*** Opening of Material to process ***
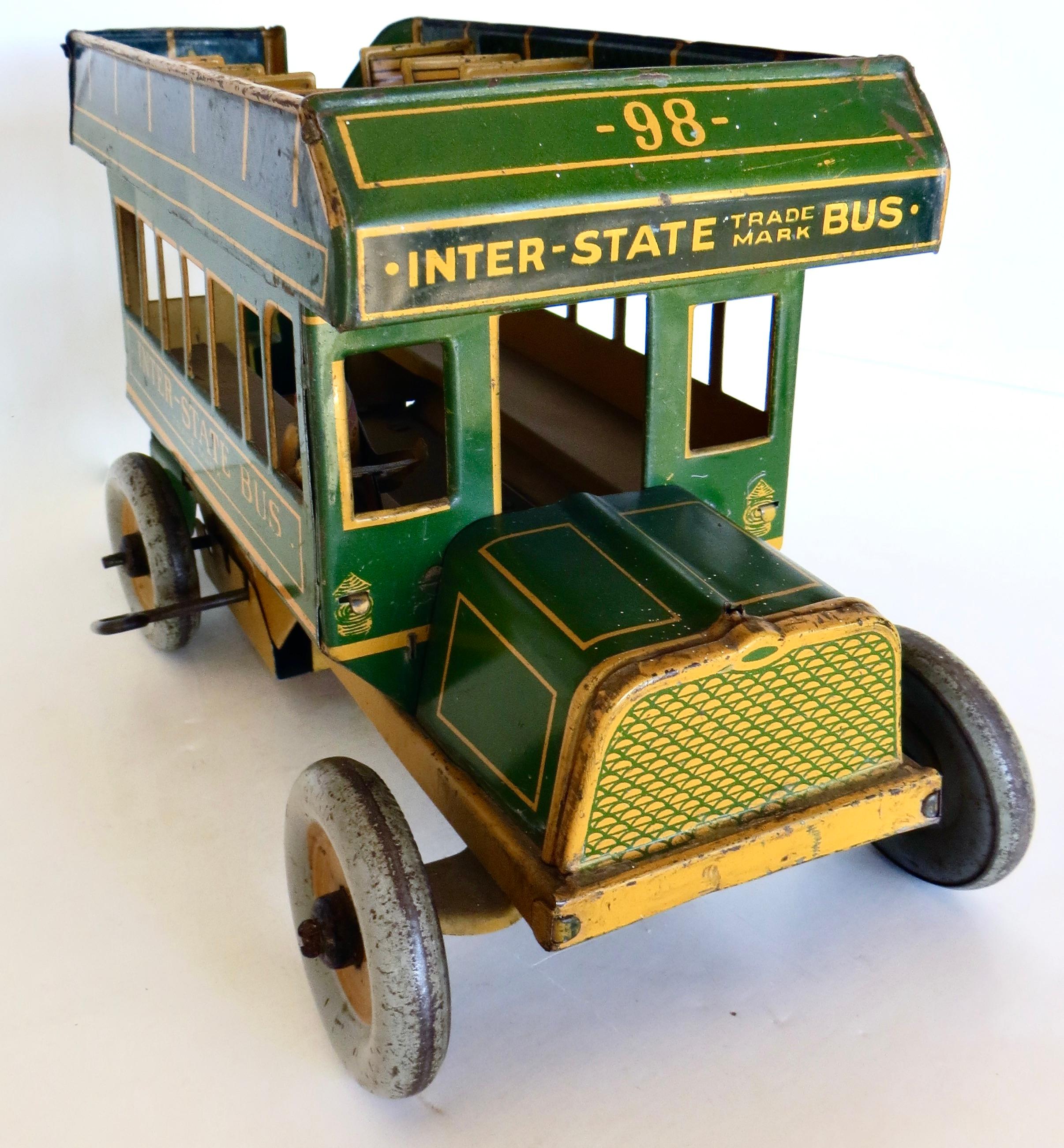 Antique Wind-Up Double Decker open air bus by the Ferdinand Strauss Toy Company, New York; circa 1925; is quite a large and substantial toy resembling very closely, buses of that era. 
Ferdinand Strauss was a German toy maker who started his company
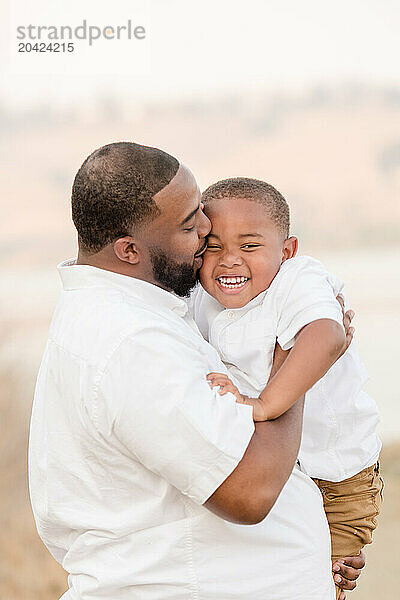 Father giving son a kiss on the cheek holding him and laughing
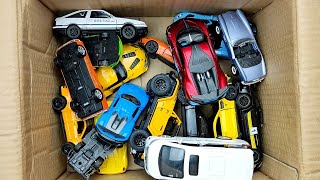 Box full of various miniature cars Peugeot Jaguar Pagani Hyundai Cadillac One Opel DHL [upl. by Donni]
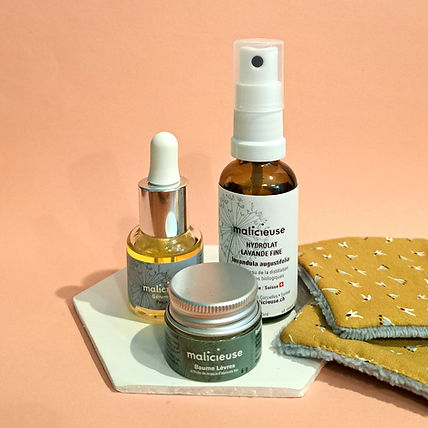 Routine beauté malicieuse. Cela comprend un baume à lèvres à l'huile de noyaux d'abricots bio, un sérum visage naturel et un hydrolat de lavande fine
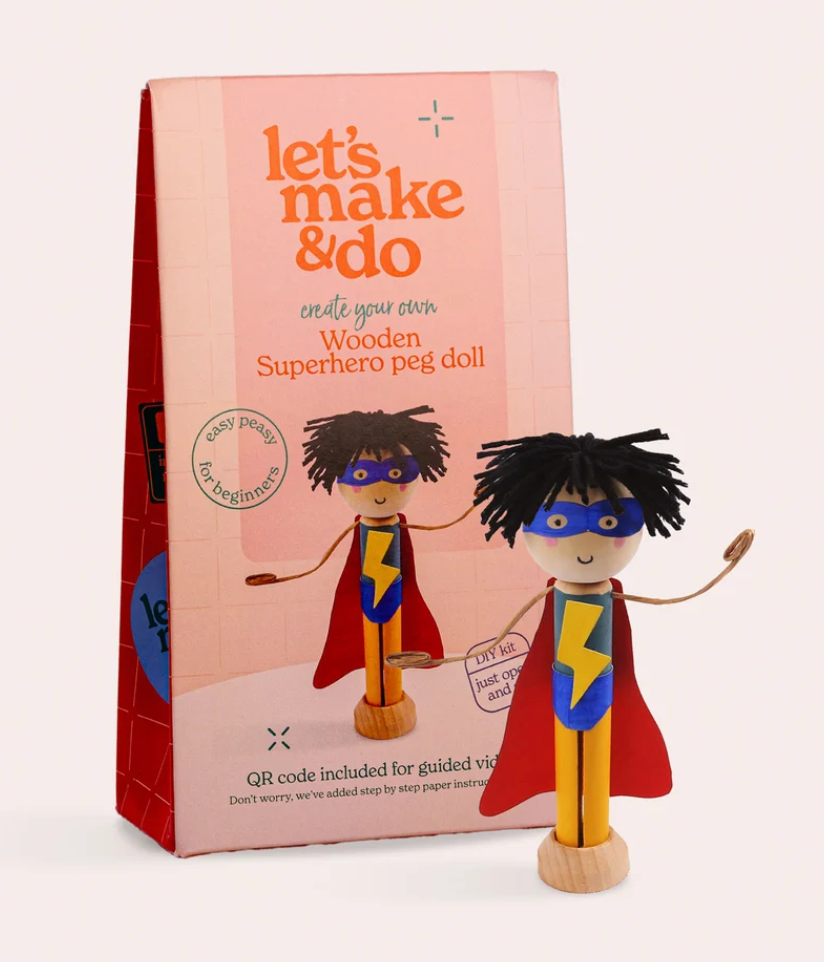 A wooden superhero peg doll with a black yarn hair, blue mask, yellow lightning-bolt chest, and red cape, standing next to its pink packaging box labeled 'let's make & do'.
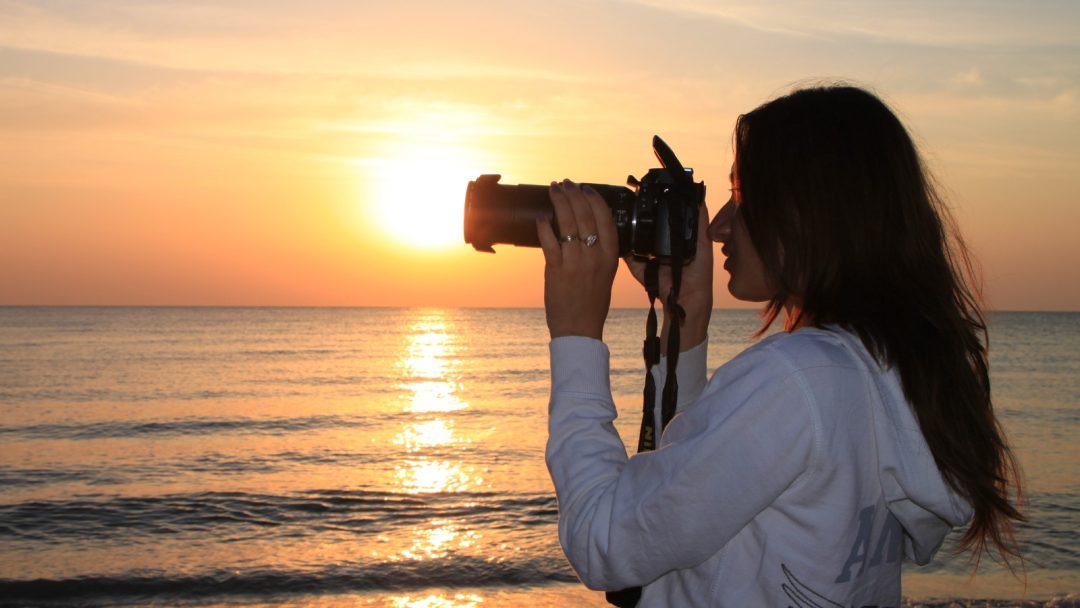 Sieviete fotografē saulrietu pie jūras ar kameru.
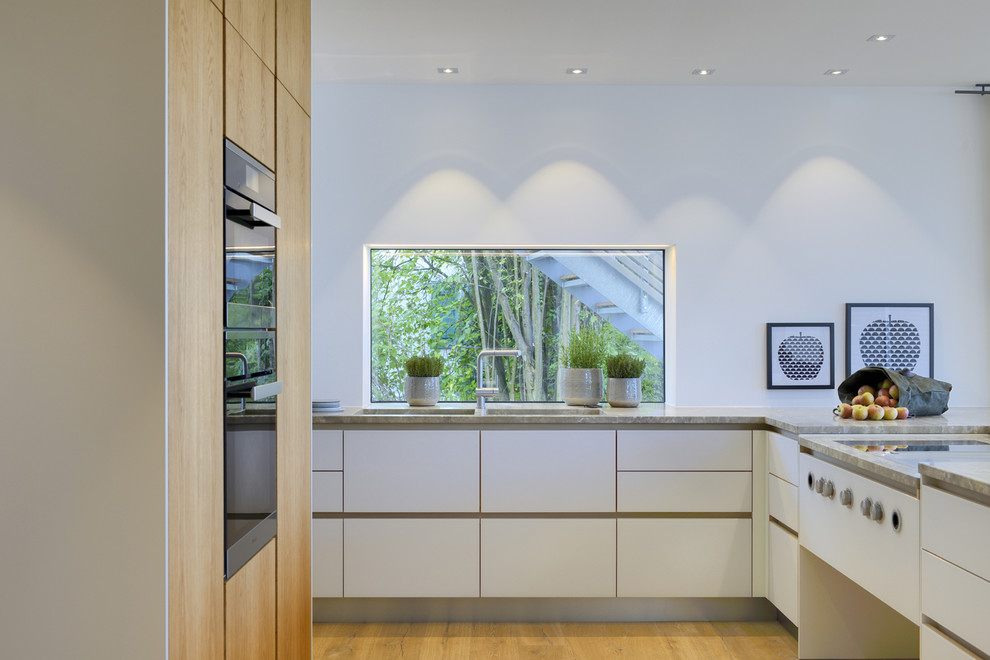 Large contemporary l-shaped open plan kitchen in Other with an integrated sink, flat-panel cabinets, white cabinets, limestone benchtops, black appliances, medium hardwood floors and white splashback.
*** Close of Material to process ***
Exercise aim —
Repeat exactly the lines from the first line of the records above through the line containing "Father giving son", leaving out the pictures.

Task solution —
 Antique Wind-Up Double Decker open air bus by the Ferdinand Strauss Toy Company, New York; circa 1925; is quite a large and substantial toy resembling very closely, buses of that era. 
Ferdinand Strauss was a German toy maker who started his company
 Father giving son a kiss on the cheek holding him and laughing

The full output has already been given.